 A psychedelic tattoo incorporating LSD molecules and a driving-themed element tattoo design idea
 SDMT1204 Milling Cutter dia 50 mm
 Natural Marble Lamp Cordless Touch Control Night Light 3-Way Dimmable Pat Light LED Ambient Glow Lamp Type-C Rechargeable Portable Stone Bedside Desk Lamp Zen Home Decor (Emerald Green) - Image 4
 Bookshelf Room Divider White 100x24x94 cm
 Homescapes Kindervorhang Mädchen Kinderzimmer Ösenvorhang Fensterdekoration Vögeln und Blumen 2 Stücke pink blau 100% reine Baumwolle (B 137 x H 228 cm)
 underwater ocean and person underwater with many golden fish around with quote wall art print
==
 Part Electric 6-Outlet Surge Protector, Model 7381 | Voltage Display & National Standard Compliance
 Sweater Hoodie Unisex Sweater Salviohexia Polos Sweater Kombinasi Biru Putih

◆ **Required action**: Once you find the line with "A psychedelic tattoo" above, print it and every line after it up to and including the line with "Bookshelf Room Divider White 100x24x94 cm", exactly as written and nothing else.

◆ **Written answer**:
 A psychedelic tattoo incorporating LSD molecules and a driving-themed element tattoo design idea
 SDMT1204 Milling Cutter dia 50 mm
 Natural Marble Lamp Cordless Touch Control Night Light 3-Way Dimmable Pat Light LED Ambient Glow Lamp Type-C Rechargeable Portable Stone Bedside Desk Lamp Zen Home Decor (Emerald Green) - Image 4
 Bookshelf Room Divider White 100x24x94 cm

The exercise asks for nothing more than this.